** Task requirements **
A faithful retyping of every entry below is wanted, with images left out.

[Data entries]
_ _ _ _ _

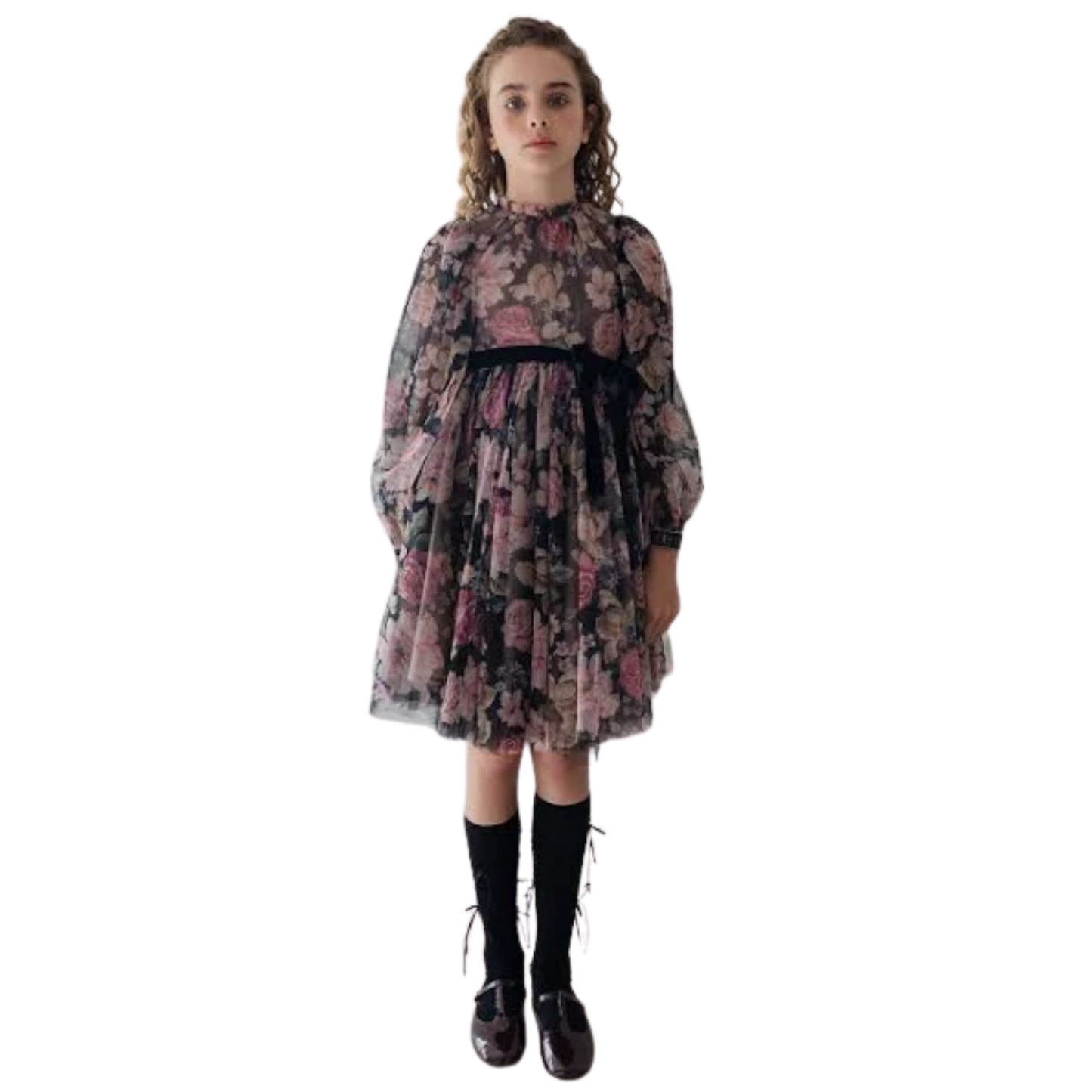 Petite Amalie Gold Label Romantic Floral Printed Tulle Dress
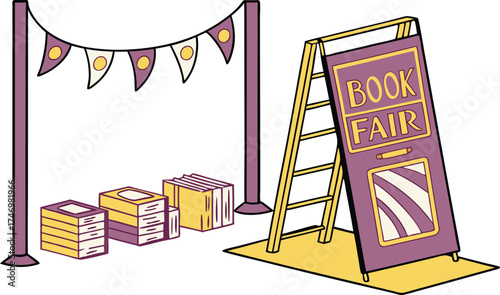 Charming book fair illustration inviting readers to explore literary treasures and discover new authors, perfect for educational promotions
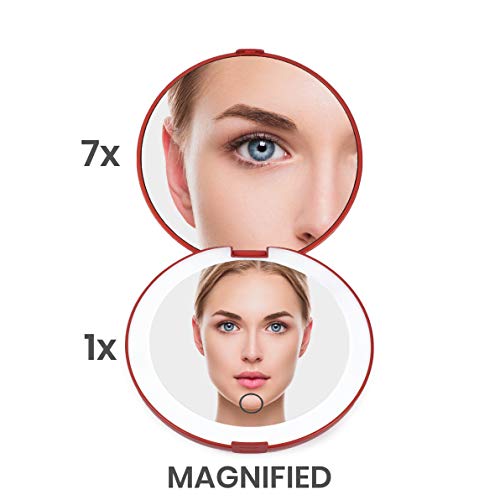 LUNA London Compact 2.0 Travel Mirror in Scarlet Red | Travel Makeup Mirror with Light | LED Lighted Vanity Mirror with 3 Light Modes | 7X Magnif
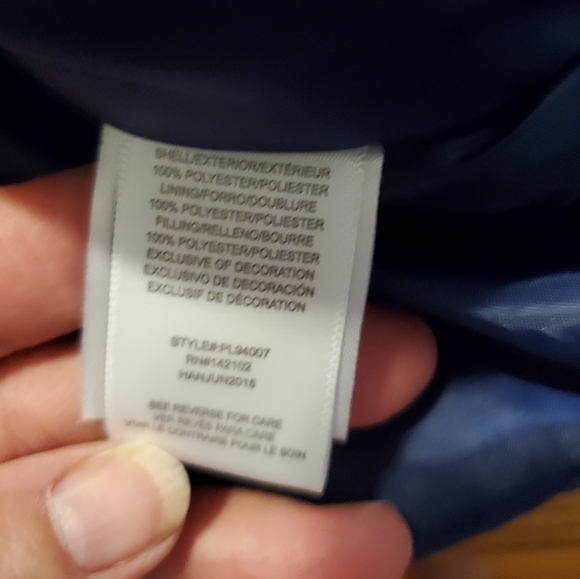 Sportoli Girls Hooded Puffer Coat - size 10-12 - navy - Picture 7 of 7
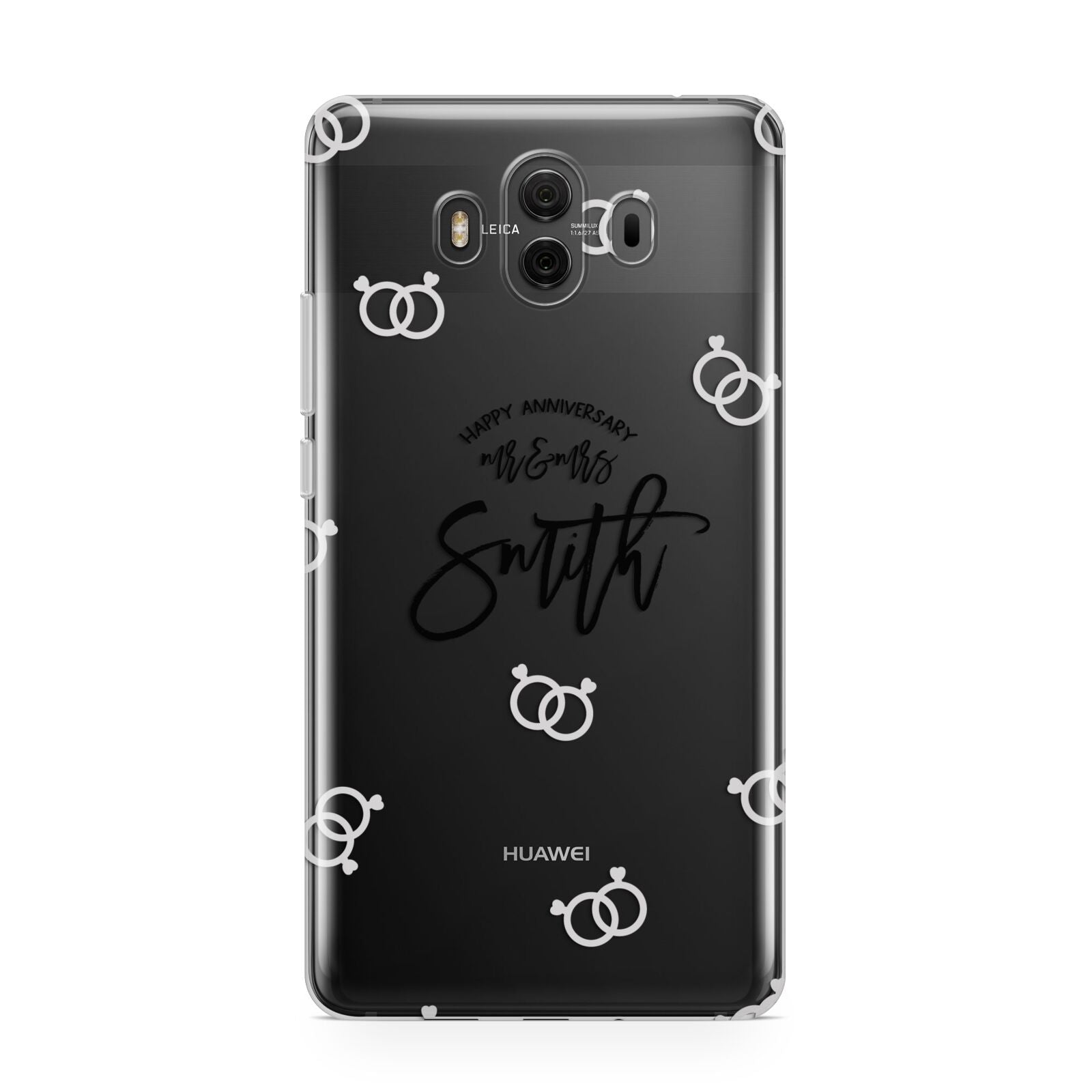 Personalised Anniversary Monochrome Huawei Mate 10 Protective Phone Case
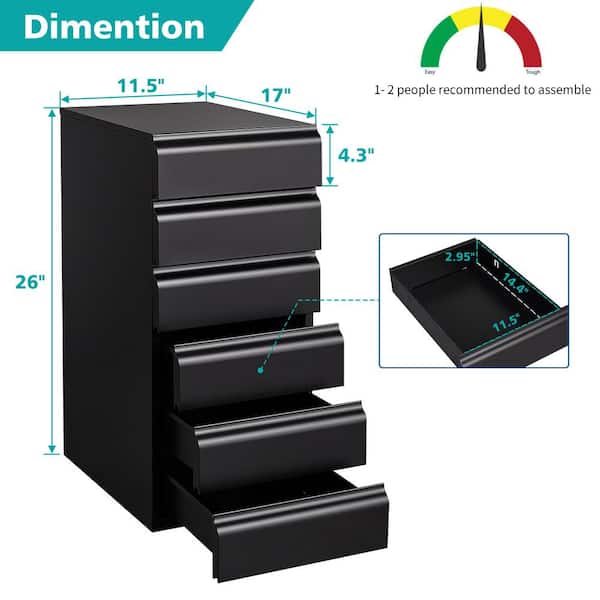 Mlezan 6 Drawer Metal Chest, 16.5D x 11.8W x 25.6H Storage Cabinet in  Black Under Desk Storage DBXL202228B - The Home Depot
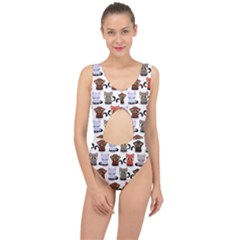 Seamless Pattern With Cute Little Kittens Various Color Center Cut Out Swimsuit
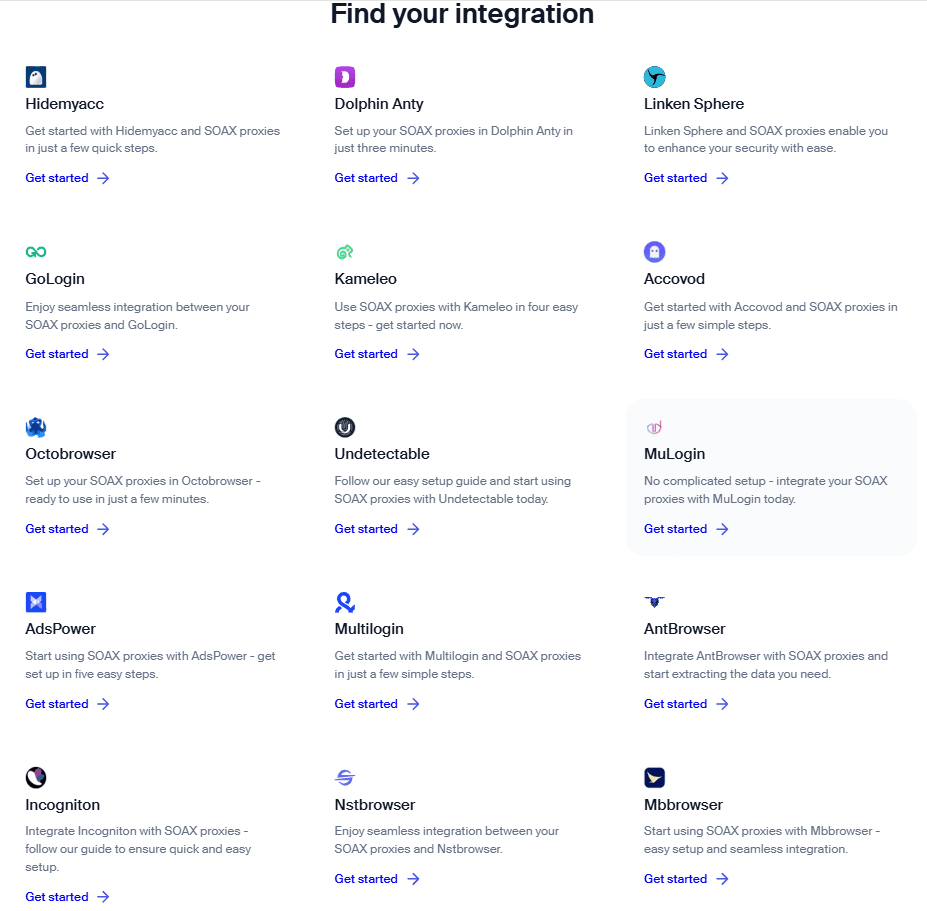 soax integration capabilities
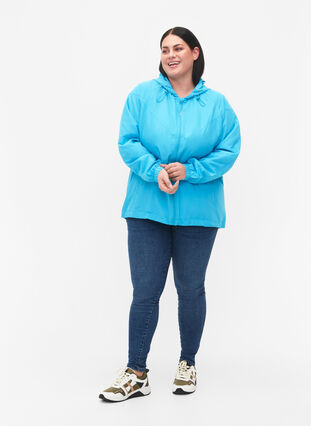 Short jacket with hood and adjustable bottom, River Blue, Model image number 2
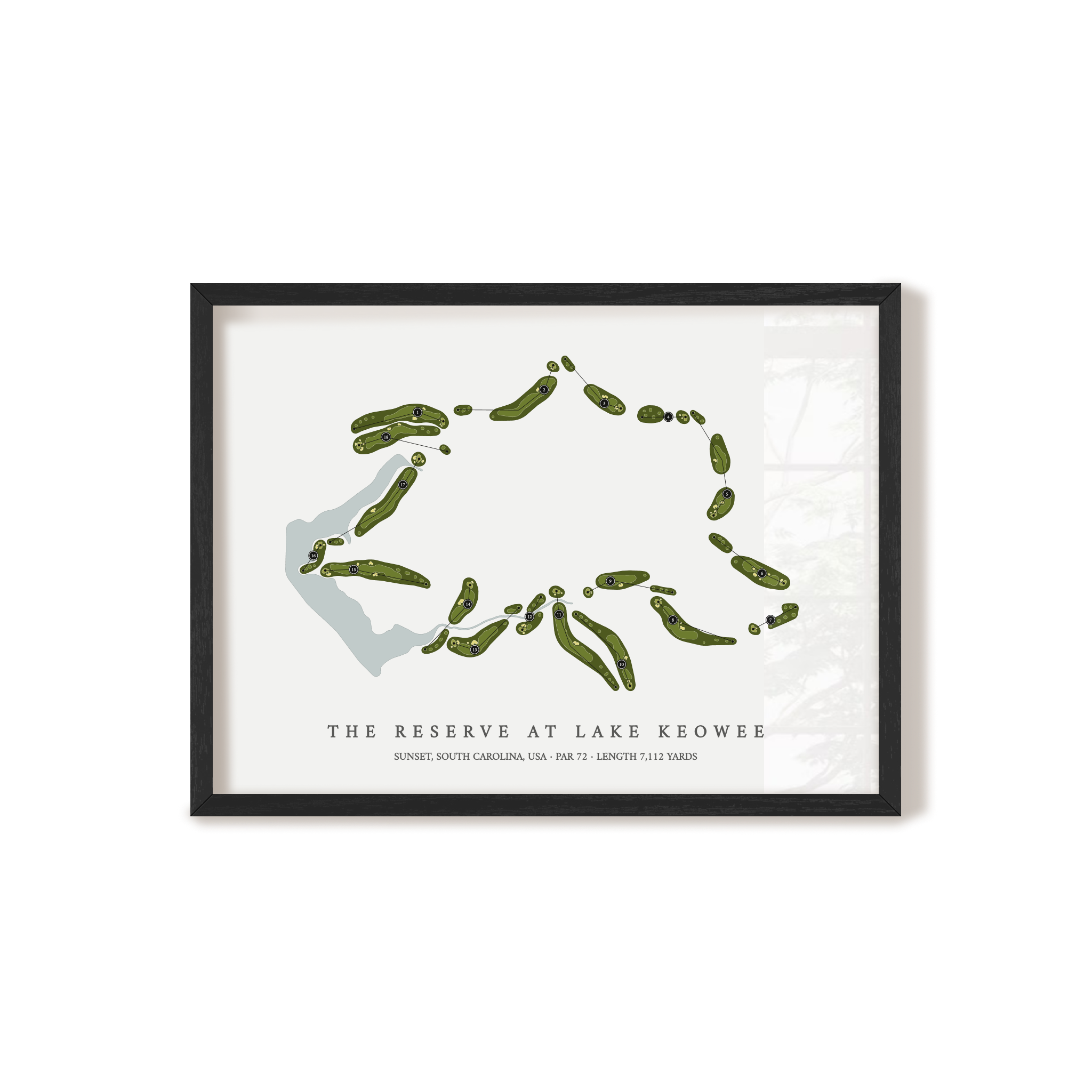 The Reserve At Lake Keowee | Golf Course Map | Black Frame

_ _ _ _ _

** Answer **
 Petite Amalie Gold Label Romantic Floral Printed Tulle Dress
 Charming book fair illustration inviting readers to explore literary treasures and discover new authors, perfect for educational promotions
 LUNA London Compact 2.0 Travel Mirror in Scarlet Red | Travel Makeup Mirror with Light | LED Lighted Vanity Mirror with 3 Light Modes | 7X Magnif
 Sportoli Girls Hooded Puffer Coat - size 10-12 - navy - Picture 7 of 7
 Personalised Anniversary Monochrome Huawei Mate 10 Protective Phone Case
 Mlezan 6 Drawer Metal Chest, 16.5D x 11.8W x 25.6H Storage Cabinet in  Black Under Desk Storage DBXL202228B - The Home Depot
 Seamless Pattern With Cute Little Kittens Various Color Center Cut Out Swimsuit
 soax integration capabilities
 Short jacket with hood and adjustable bottom, River Blue, Model image number 2
 The Reserve At Lake Keowee | Golf Course Map | Black Frame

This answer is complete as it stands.